Natifs et immigrés digitaux
Le natif digital ou l’autochtone du monde numérique, c'est celui qui est tombé dans la marmite comme ma petite-fille, par exemple, qui, à l'âge de quatre ans, utilise mieux les supports numériques que certains quadragénaires. Sa génération et celle de ses parents a grandi avec ces technologies et ils sont « nés » sur ce territoire des octets et autres pixels. Tandis que nous, la vieille génération, et parfois hélas, des plus jeunes, nous sommes des immigrés. Nous avons dû apprendre une autre « langue », une nouvelle manière de socialisation, de nouvelles manières de transmettre des messages.
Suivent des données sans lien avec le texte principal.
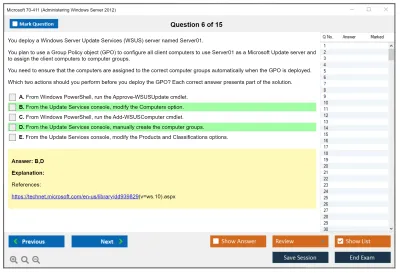 Microsoft 70-411 Administering Windows Server 2012 Practice test exam simulator test engine exam Prep practice test questions answers Image 6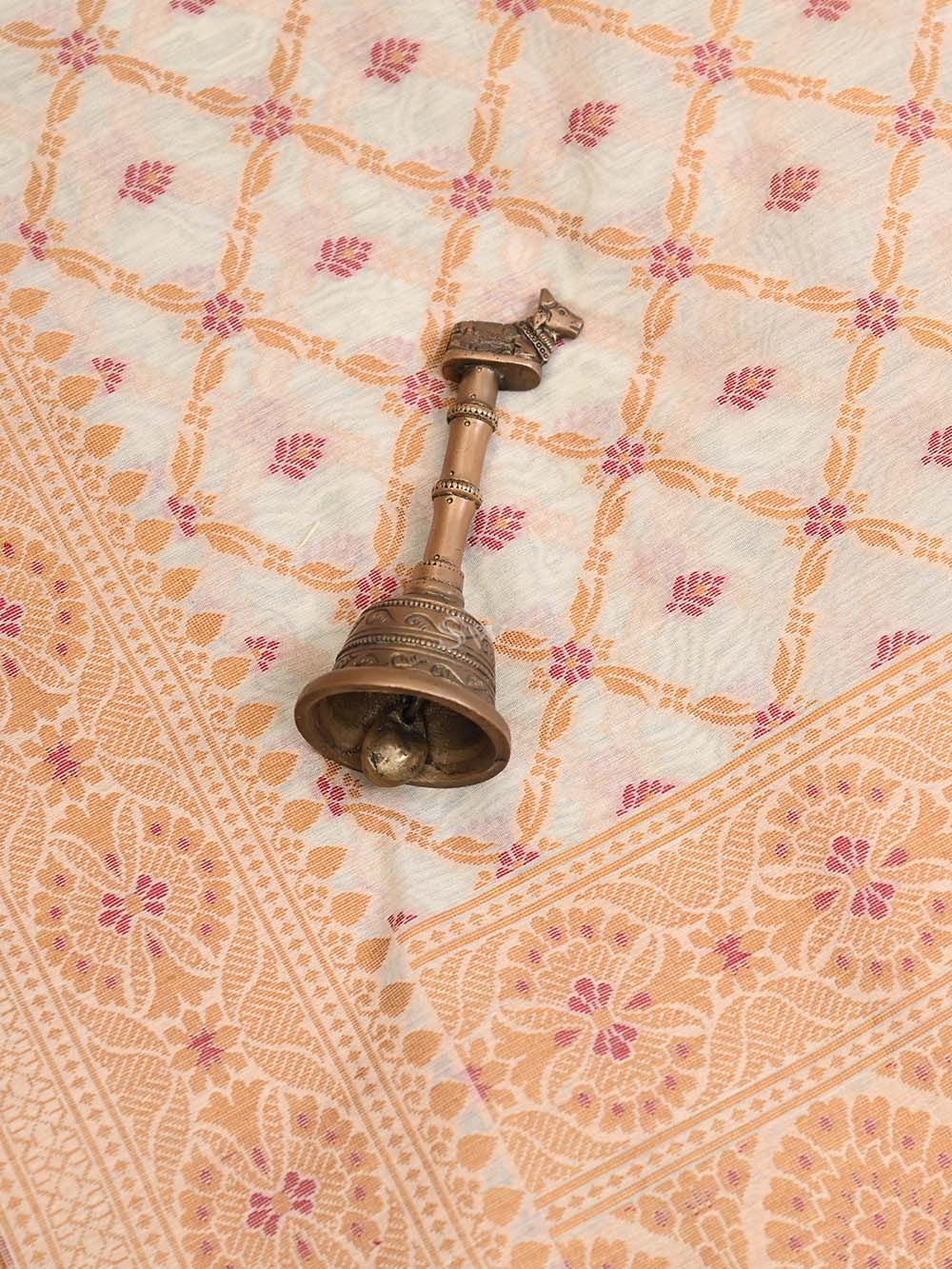 Cream Mustard Cotton Silk Handloom Banarasi Saree - Sacred Weaves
Or, ce qui se passe c'est qu'on nous repère très vite comme immigrés, comme le Portugais de l'époque. Le drame, c'est que nos Eglises sont remplies d'immigrés qui veulent apprendre aux natifs comment « parler » correctement. Alors que c'est eux qui devraient nous enseigner comment parler et communiquer dans notre monde actuel. On fustige les communautés qui fonctionnent pour et avec les « natifs » et qui laissent les « immigrés » sur le banc de touche, mais c'est le juste retour des choses.
Le profil du natif
Le numérique utilise d'autres zones du cerveau que la culture du livre et de l'école (du passé). Par ricochet, ce cerveau développe des compétences différentes en matière de raisonnement, de captation et de traitement de la réalité. Le natif n'est performant que s'il est connecté à un réseau. C'est-à-dire s'il est en contact avec une communauté qui interagit. Vous le déconnectez, il est amorphe et sa capacité de se concentrer est réduite au minimum. Première constatation: si vous voulez intéresser un natif à votre culte, travaillez en réseau, pas forcément d'une manière électronique, mais faites-le participer comme s'il était en phase avec d'autres « utilisateurs ». Jésus se faisait interrompre dans ses « messages », prendre à partie. Il organisait des hapennings communautaires comme la multiplication des pains. Le natif est un être multitâche. Il peut écouter de la musique, se concentrer sur un problème de maths, chatter avec ses copains sur le net... et tout cela en simultané. L'immigré fait une chose après l'autre d'une manière rigoureuse. Il pense que, parce qu'il a appris à chatter, parce qu'il a appris à écouter de la musique avec son Ipod, il comprend la jeune génération. Non, il ne sait pas faire les choses en même temps et ça ne s'apprend pas avec un cours théorique, c'est lié à une pratique constante, depuis tout petit. Le natif fonctionne à l'instantané et il a besoin d'avoir du plaisir sur le champ, tandis que l'immigré est capable d'attendre comme le chien savant à qui le dresseur remet une sucrerie après avoir exécuté ses numéros. Le natif préfère le visuel au textuel, la parabole ou l'analogie à l'analyse ou à la systématique, et l'interactivité au travail solitaire. Petite question: est-ce qu'un natif est prêt à lire sa Bible pendant un an chapitre après chapitre, d'une manière systématique? Non ! Et ce n'est pas par manque de spiritualité, mais par inadaptation culturelle aux standards fabriqués dans le passé.
Beaucoup de conflits et de frustrations dans nos communautés sont dus à des problèmes culturels et non à des questions spirituelles. A mon sens, certains pasteurs quittent actuellement leur ministère par fatigue. Ils n'ont pas été formés pour la tâche actuelle et ne se retrouvent plus. Les standards qu'on leur a inculqués n'ont plus cours dans la société numérique.
Quand nos instituts de formation se réveilleront-ils? Quand il sera trop tard?